Day 12
Ongyin Khiid
Karakoram and Ongyin Khiid along barely visible tracks between rain and snow.
Morning at Ongyin Khiid
At 6:30, we were woken up by the piercing barks of a drunk Mongolian man who had clearly overindulged in vodka. The previous evening, we had seen the "manager" of the campsite supporting some friends after celebrating his new Olympic medal.
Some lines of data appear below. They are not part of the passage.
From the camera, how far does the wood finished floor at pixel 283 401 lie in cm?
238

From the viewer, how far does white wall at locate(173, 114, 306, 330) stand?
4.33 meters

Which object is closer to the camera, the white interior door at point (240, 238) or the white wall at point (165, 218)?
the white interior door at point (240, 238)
We hear the gentle patter of raindrops bouncing on the roof, which is almost pleasant, like music. It's less enjoyable when you step out without an umbrella, as the strong wind would immediately cause a downpour. The services are among the best we have encountered so far, and hot water is readily available. After all, Kahrkorin is one of the most sought-after destinations for tourism. A generous breakfast is served, and we head to town, which is just a few hundred meters away. The high cost of fuel has depleted our driver's supplies, so we go to meet someone who will provide our guide with the essential funds to complete the journey.
Visit to the Monastery of Shankh Khiid
Under a late autumn rain, we leave the former capital and continue south towards the Shankh Khiid monastery, where the flags of Genghis Khan are preserved. The strong wind leaves little room for outdoor filming. Meanwhile, the guide has decided to fully utilize the potential of the GPS.
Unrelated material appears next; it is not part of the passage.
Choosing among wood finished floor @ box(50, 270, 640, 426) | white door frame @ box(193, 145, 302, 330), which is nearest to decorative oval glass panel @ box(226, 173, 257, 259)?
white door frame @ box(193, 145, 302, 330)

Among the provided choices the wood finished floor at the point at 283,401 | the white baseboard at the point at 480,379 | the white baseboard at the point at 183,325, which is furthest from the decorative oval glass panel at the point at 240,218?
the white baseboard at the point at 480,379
heading straight towards the next destination of the monastery Ongiin Khiid, instead of following the main road. The result is an extra 80 km and three hours' delay compared to those who took the main route. It is true that we saw very remote places and discovered that where there are no roads, there are actually many. Indeed, the steppe has a network of tracks that cross each other, taking the one closest to the desired destination. This, however, involves time-consuming and long zigzags. We crossed plateaus, and the time remained stable with sometimes poor visibility. Despite being in a desolate land, we occasionally saw herds accompanied by sporadic horses and riders who, undisturbed by the adverse weather, traversed the plains. We began to see the first groups of wild camels. As we climbed
We also encounter snow. We have lunch in the car; getting out would mean being blown away by the wind, while the jeep rocks violently. Further on, we come across a completely snowy area, where the track is barely visible. The animals, bewildered, stay close together to keep warm from the strange weather conditions, which are absolutely unusual for this season and in these locations. The driving is further slowed down by deep puddles. When we thought that the nightmare had become permanent, we entered... a desert area where the weather is always perfect. We are approaching to one of the rare countries to get some guidance on the path to take. Unfortunately, we consulted the wrong person – a drunk motorcyclist who, at the moment of stopping, fell heavily under the weight of his vehicle. The vodka didn't help him get up, and so our group decided to continue while the poor man struggled unsuccessfully to stand again. The sky is stable for about 100 km with beautiful weather; we are now in the Gobi Desert. We go to visit the ruins of the Ongiin Khiid monastery, located on the banks of an idyllic river, also called Ongiin, amidst the desert. In reality, there are two monasteries, but the one south of the river is simply a pile of stones. The communist fury also fell upon the temples (destroyed) and the monks (deported or killed). Only in 1937 were more than 27,000 people murdered or missing, including 17,000 monks. The temple on the north side, which was renovated in 2004, and two sheds intended as a museum where the other temples once stood. They contain artifacts from the buildings that were destroyed. It is curious, how macabre, to notice a bowl made from a human skull. Currently, there are two llamas living in the area, pursuing the reconstruction project started several years ago by a group of 13 monks. A strong wind tells us how difficult life is in this place, while The sun is lengthening the shadows. and disappears behind the mountains, leaving magical lights visible.
Politics and society
What we saw today with the cold and snow is considered a natural disaster, as it risks forcing shepherds to sudden migrations and, regardless, causing them to lose their animals. Even the children, while gathering the livestock, risk not returning. We will later learn that on Lake Huvsgul, where we were only a few days ago, there was heavy snowfall, and some tell us they saw trees along the lake bent by the snow.
Dinner is light, consisting of soup and salad, but it's fine since we spent the whole day on the jeep.